■ MATERIAL FOR THIS EXERCISE ■
*** Begin section ***

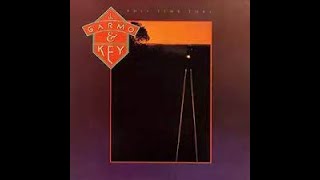 5-22-24 ~ This Time Thru (1978) ~ Early Retro Jesus Music ~ DeGarmo & Key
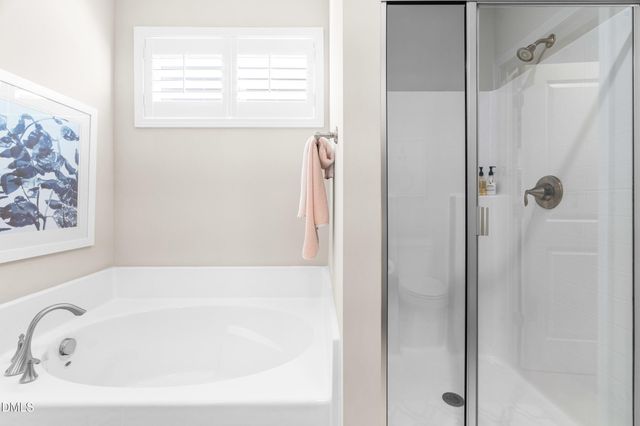 1852 Hammocks Beach Trail, Apex, NC 27502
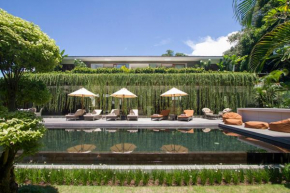Muse Tanah Lot 10 min from Golf Course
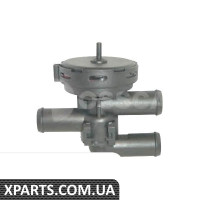 Кран радіатора обігрівача салону OSSCA 01537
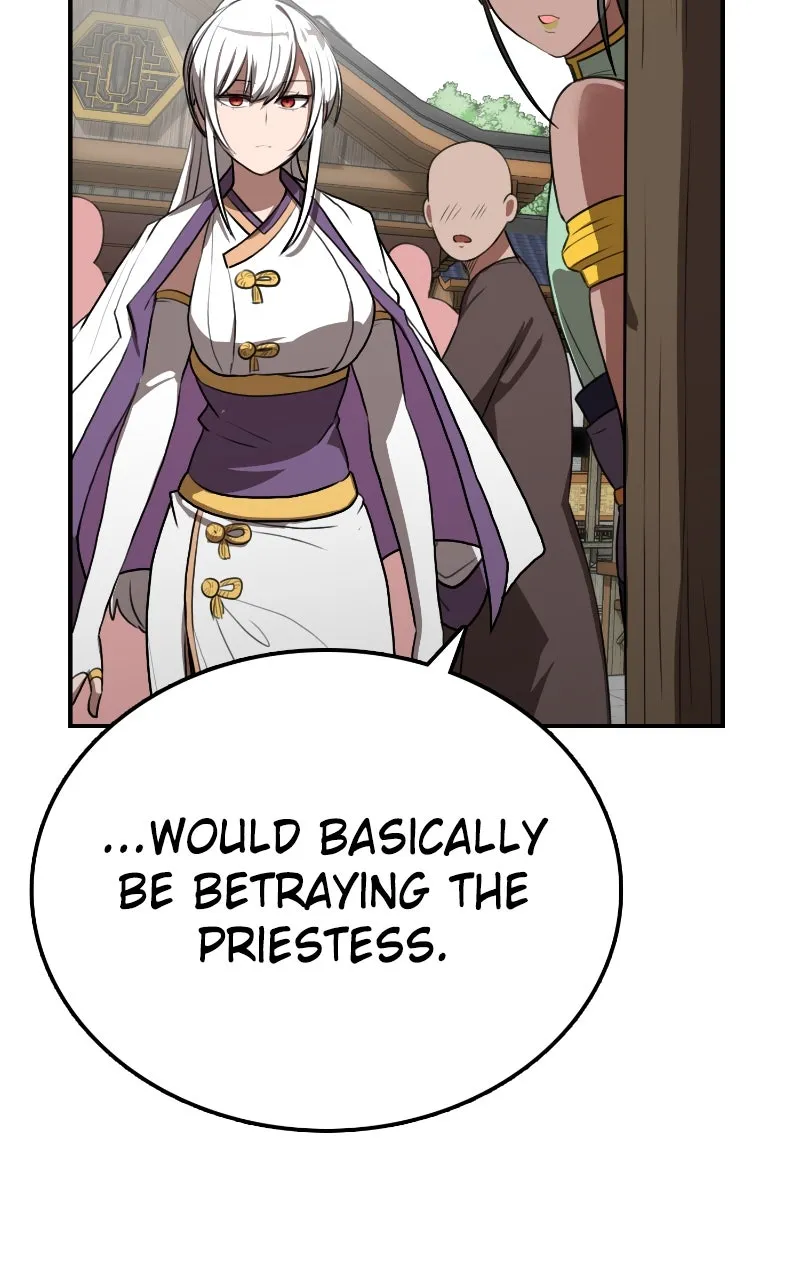 Maybe Undefeatable Chapter 31 page 61 - 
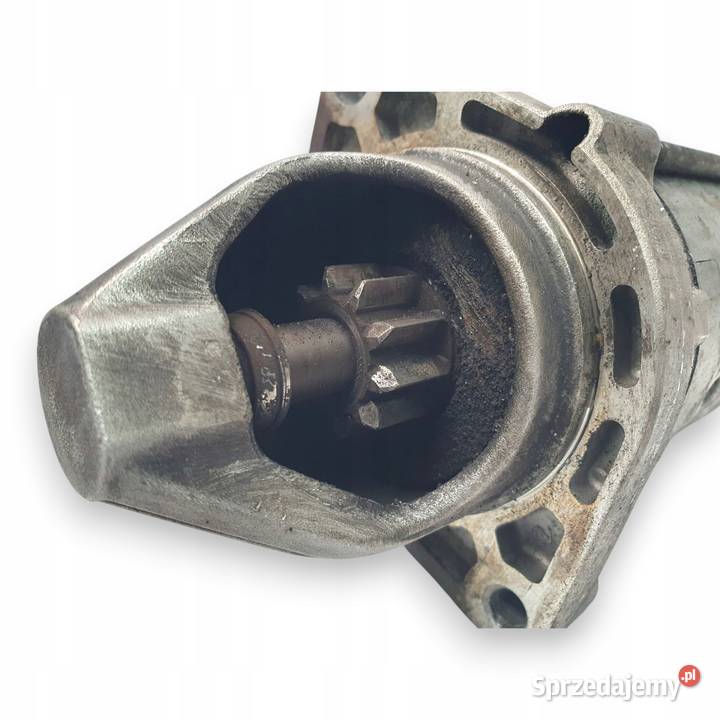 ROZRUSZNIK Opel Corsa D Insignia Alfa Romeo 159 Chełm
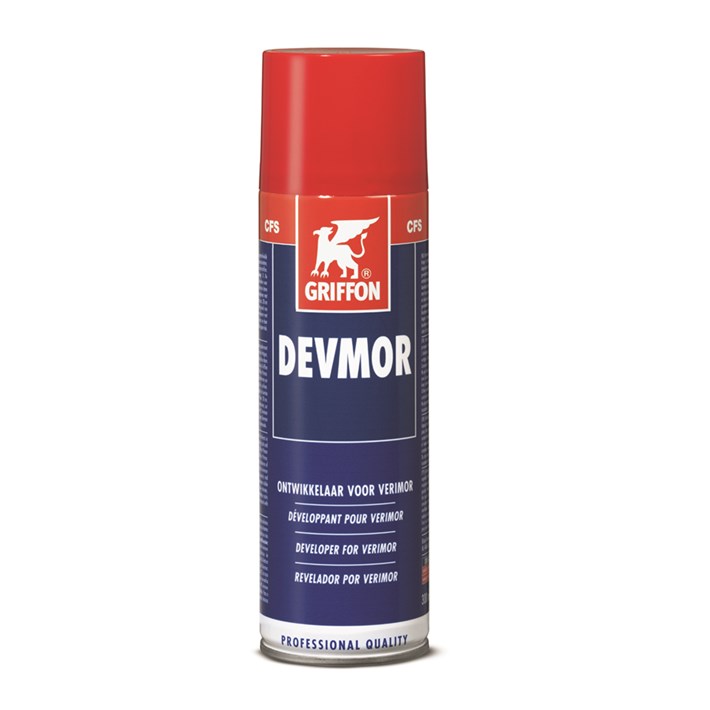 1235612 GR Devmor 300 ml NL/FR/EN/ES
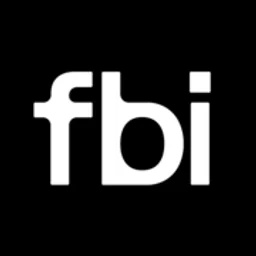 2FBI "FBi Radio" 94.5 FM Sydney, NSW — Australia logo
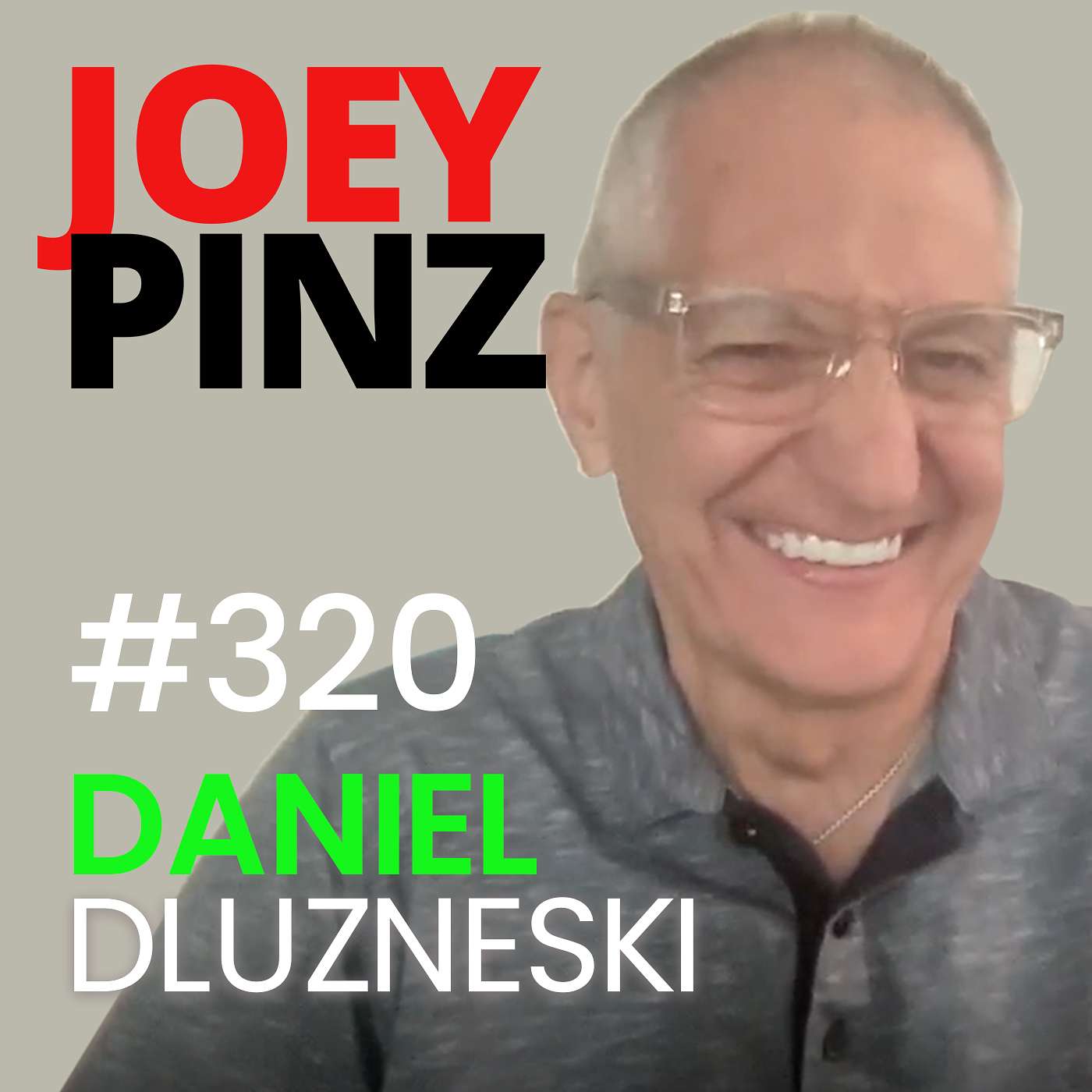 Joey Pinz Discipline Conversations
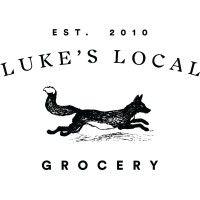 luke's local logo image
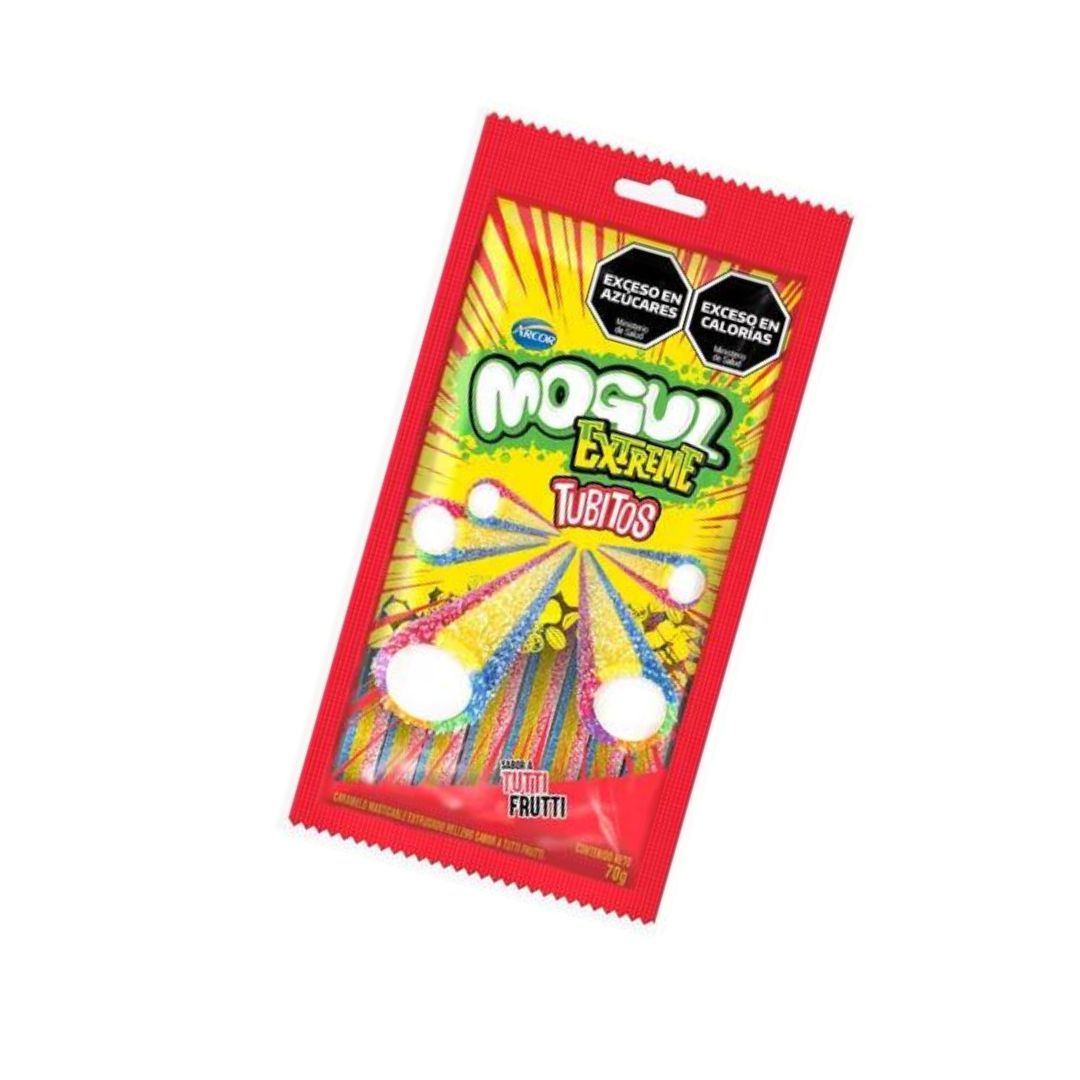 MOGUL TUBITOS 70 GRS. TUTTI VTO 30-11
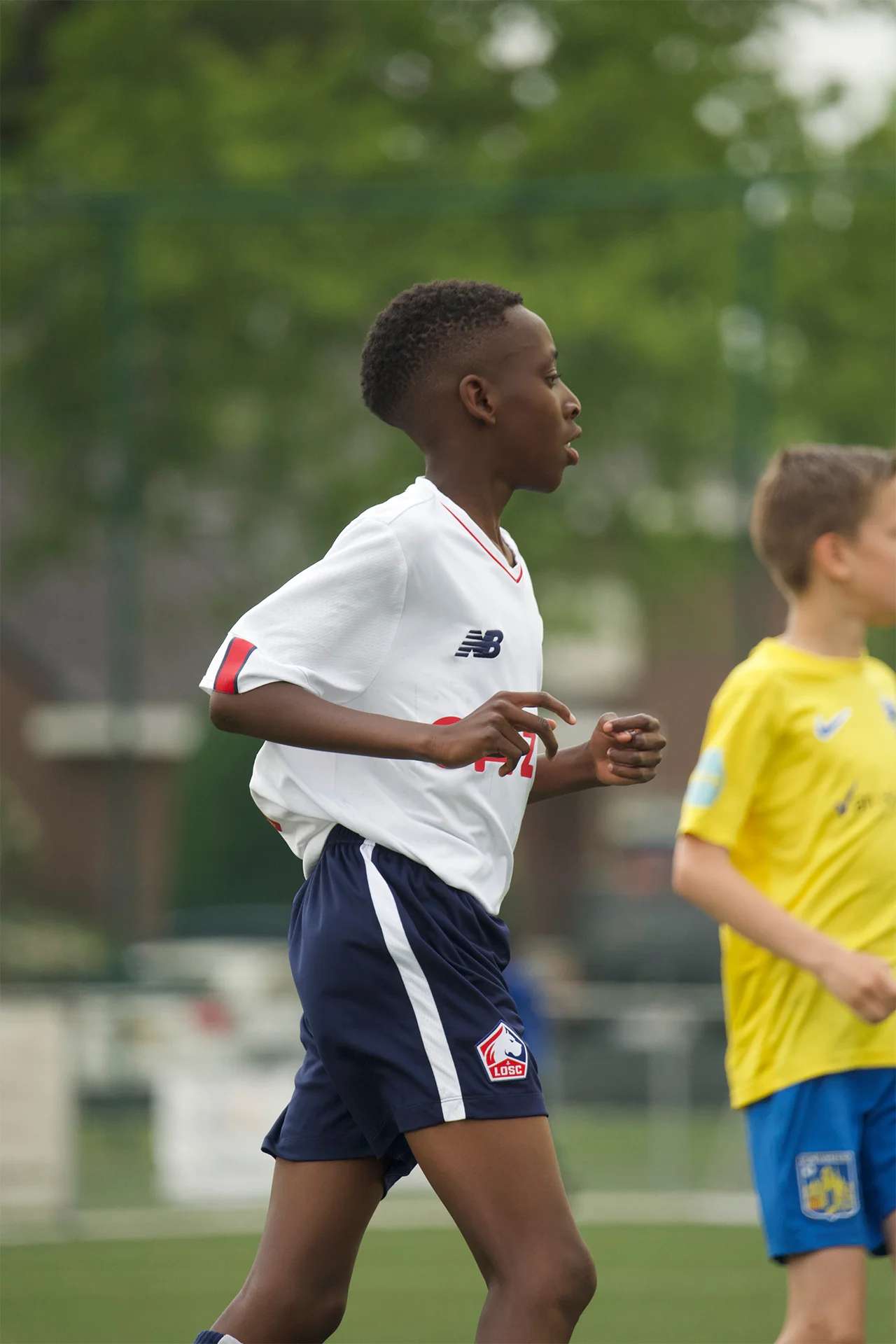 Foto Youth Champions Cup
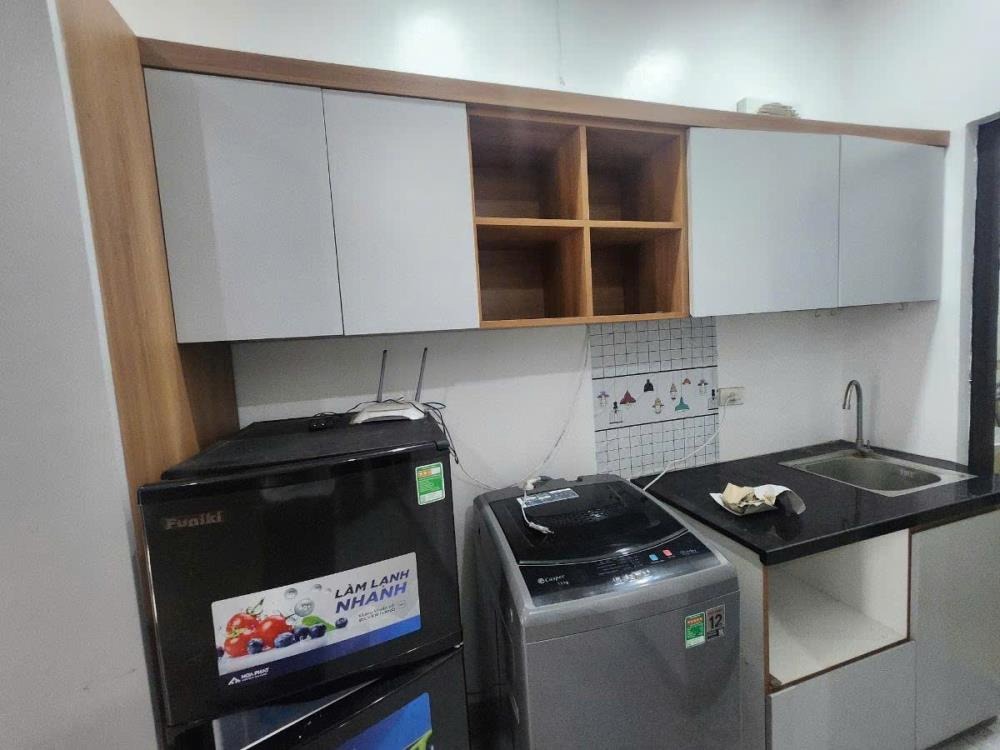 Sở Hữu Ngay Nhà Hồ Tùng Mậu 7 Tầng, Thang Máy, Giá 13.4 Tỷ - Đầu Tư Sinh Lời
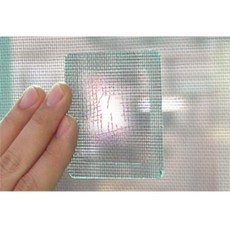 보수용방충망(특대형 1P) 벌크 12x16 모기장 보수 테이프 자체부착 간편보수, 보수용방충망 특대형_1P 벌크 12x16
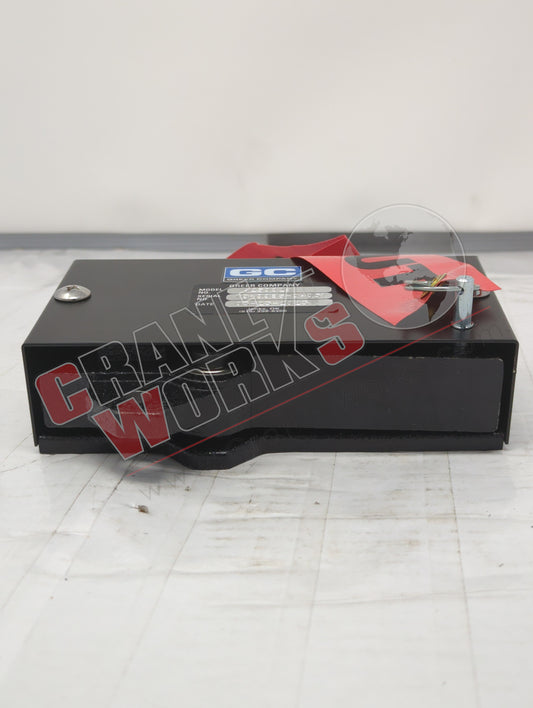 714 0621 | New Switch, Atb *Note*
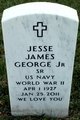 Jesse James George Jr. Photo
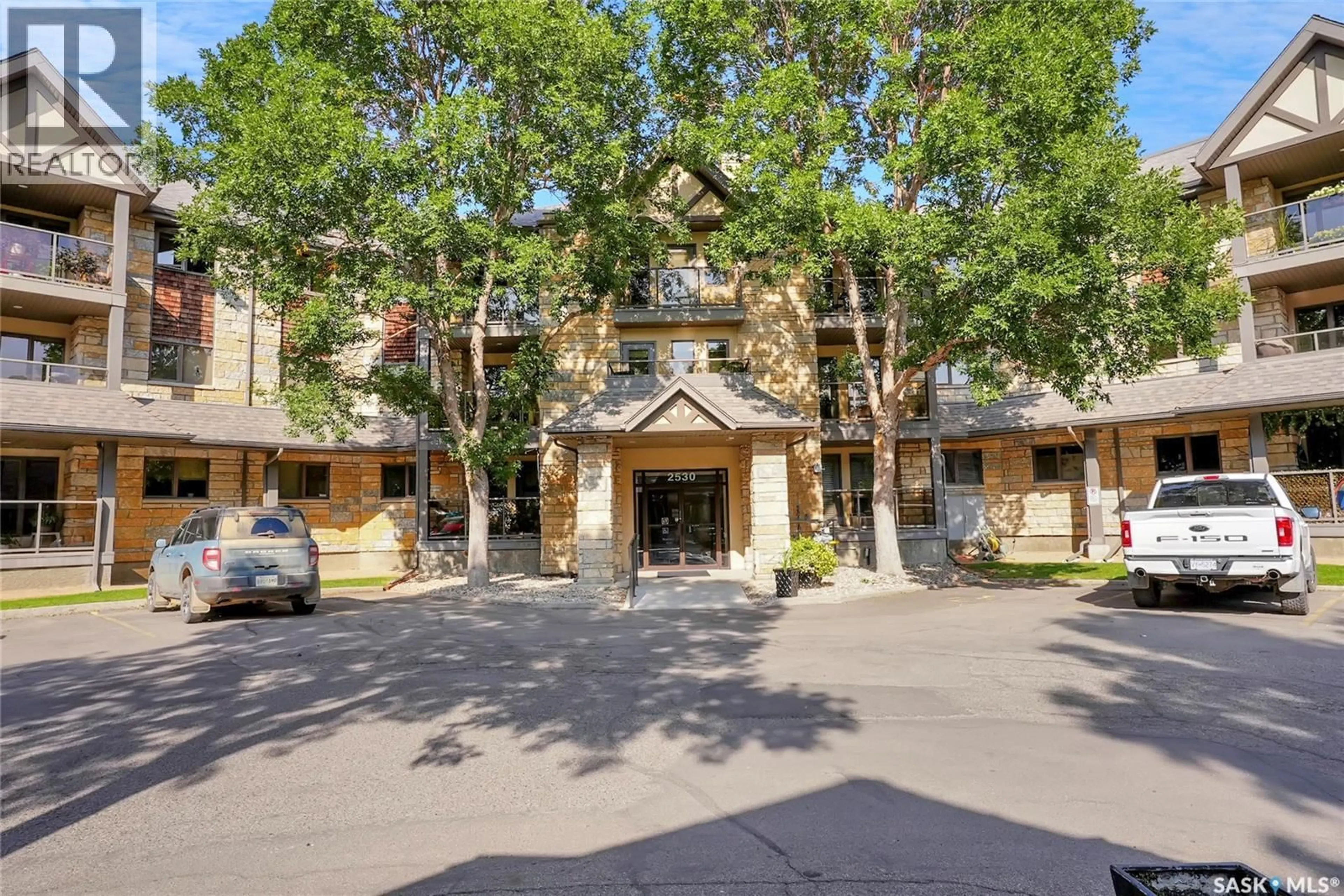 Unknown for 327 2530 25TH AVENUE, Regina Saskatchewan S4S4E6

*** End section ***

■ DIRECTIONS FOR THIS TASK ■
Exactly as written, restate all of the data, leaving out the images.

■ RESULT OF THIS EXERCISE ■
 5-22-24 ~ This Time Thru (1978) ~ Early Retro Jesus Music ~ DeGarmo & Key
 1852 Hammocks Beach Trail, Apex, NC 27502
Muse Tanah Lot 10 min from Golf Course
 Кран радіатора обігрівача салону OSSCA 01537
 Maybe Undefeatable Chapter 31 page 61 - 
 ROZRUSZNIK Opel Corsa D Insignia Alfa Romeo 159 Chełm
 1235612 GR Devmor 300 ml NL/FR/EN/ES
 2FBI "FBi Radio" 94.5 FM Sydney, NSW — Australia logo
 Joey Pinz Discipline Conversations
 luke's local logo image
 MOGUL TUBITOS 70 GRS. TUTTI VTO 30-11
 Foto Youth Champions Cup
 Sở Hữu Ngay Nhà Hồ Tùng Mậu 7 Tầng, Thang Máy, Giá 13.4 Tỷ - Đầu Tư Sinh Lời
 보수용방충망(특대형 1P) 벌크 12x16 모기장 보수 테이프 자체부착 간편보수, 보수용방충망 특대형_1P 벌크 12x16
 714 0621 | New Switch, Atb *Note*
 Jesse James George Jr. Photo
 Unknown for 327 2530 25TH AVENUE, Regina Saskatchewan S4S4E6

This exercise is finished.